Problem requirements: From the records that follow, return exactly the lines beginning at the one that contains "SIEMENS NEMA Magnetic" and ending at the one that contains "IKEA BILLY Kitaplık", pictures left out.

######

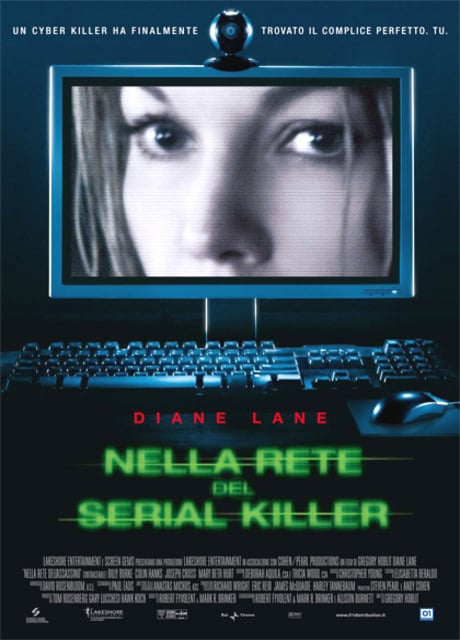 Poster Nella rete del serial killer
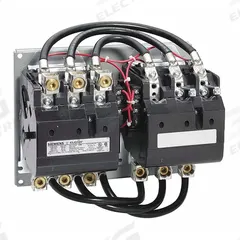 SIEMENS NEMA Magnetic Contactor: Reversing, 3 Poles, NEMA Size 4, 135 A, 120/240V AC (Dual Rated) (MPN 43JG32AA). Key specifications — Brand: SIEMENS.
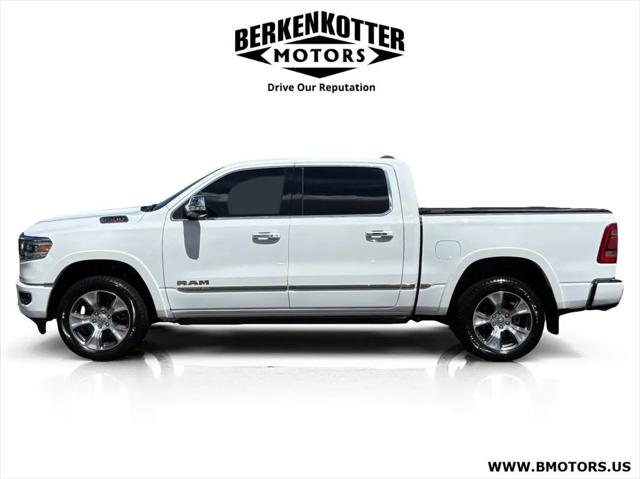 2020 Ram 1500 Limited Crew Cab 4x4 5'7" Box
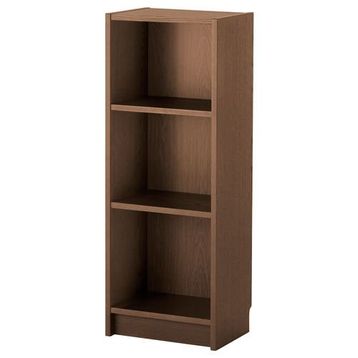 IKEA BILLY Kitaplık Kahverengi Dişbudak Kaplama 40x28x106 cm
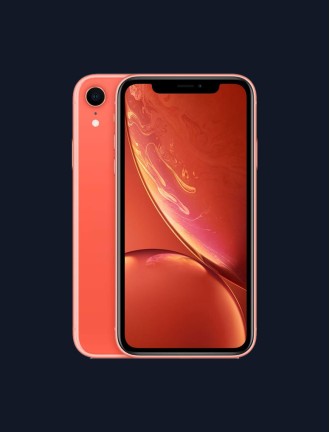 IPhone XR Coral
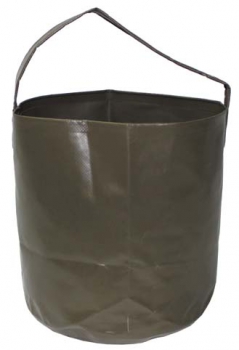 Falteimer 10 Liter oliv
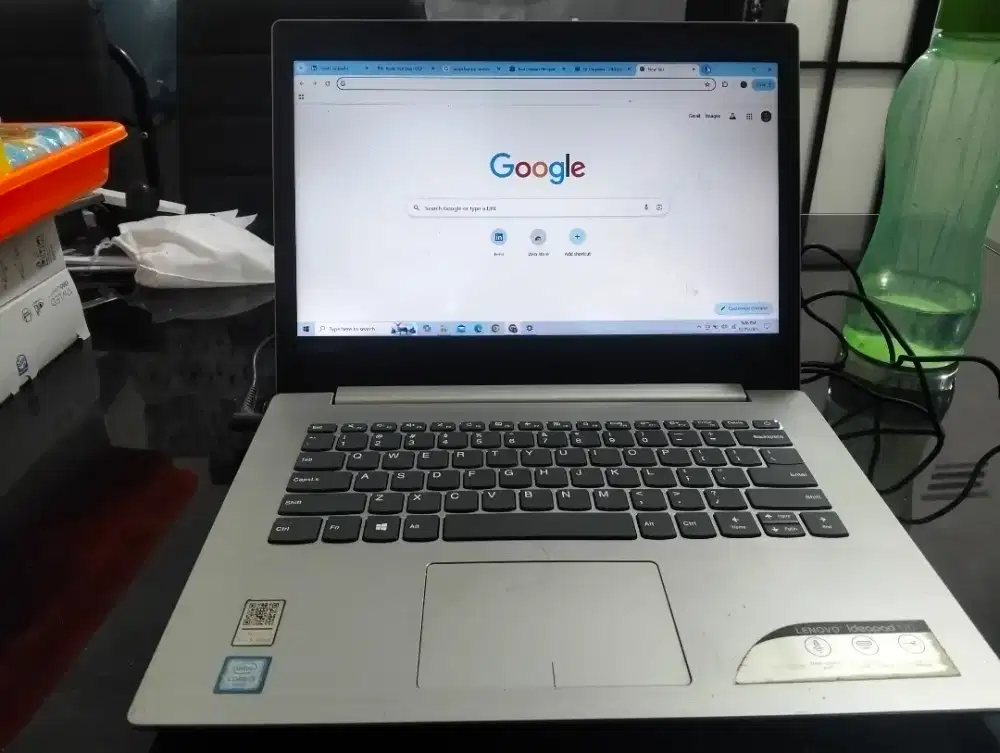 Di jual laptop Lenovo Ideapad 320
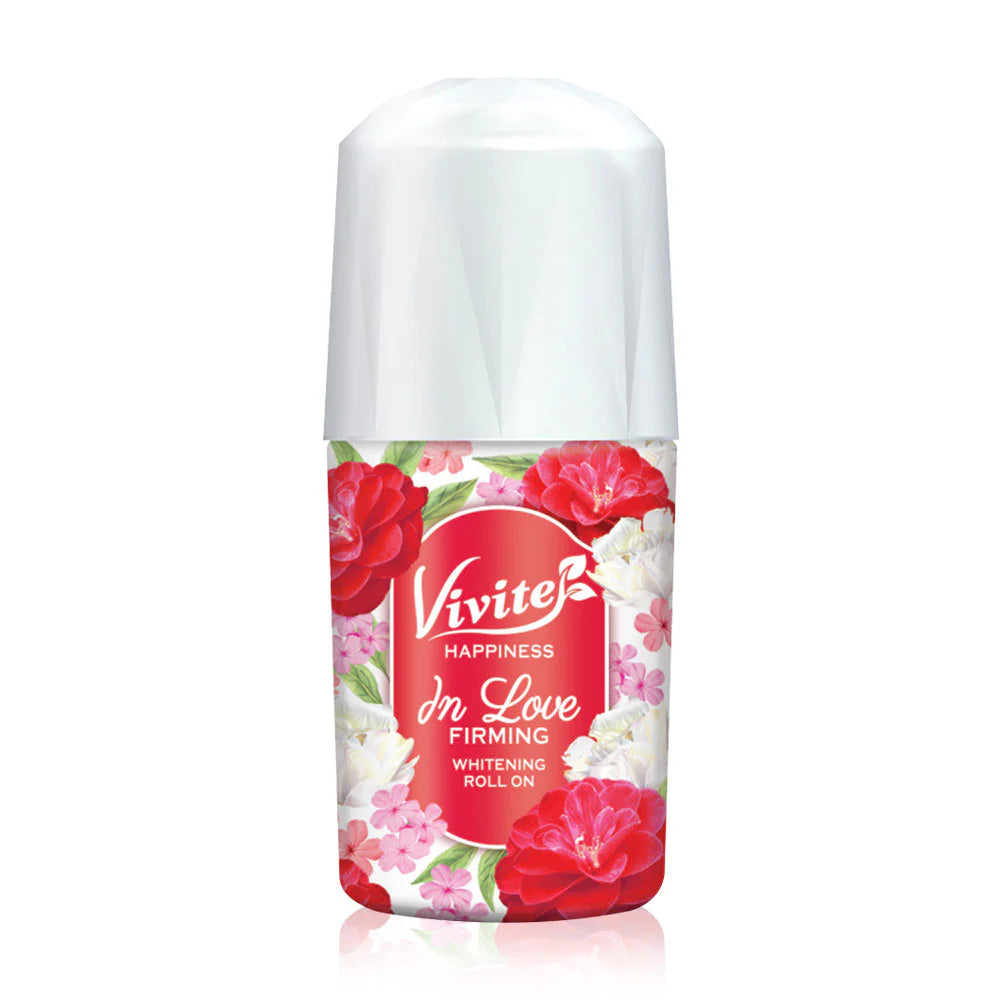 Vivite Happiness In Love Firming Whitening Roll On 20ml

######

Exercise answer:
 SIEMENS NEMA Magnetic Contactor: Reversing, 3 Poles, NEMA Size 4, 135 A, 120/240V AC (Dual Rated) (MPN 43JG32AA). Key specifications — Brand: SIEMENS.
 2020 Ram 1500 Limited Crew Cab 4x4 5'7" Box
 IKEA BILLY Kitaplık Kahverengi Dişbudak Kaplama 40x28x106 cm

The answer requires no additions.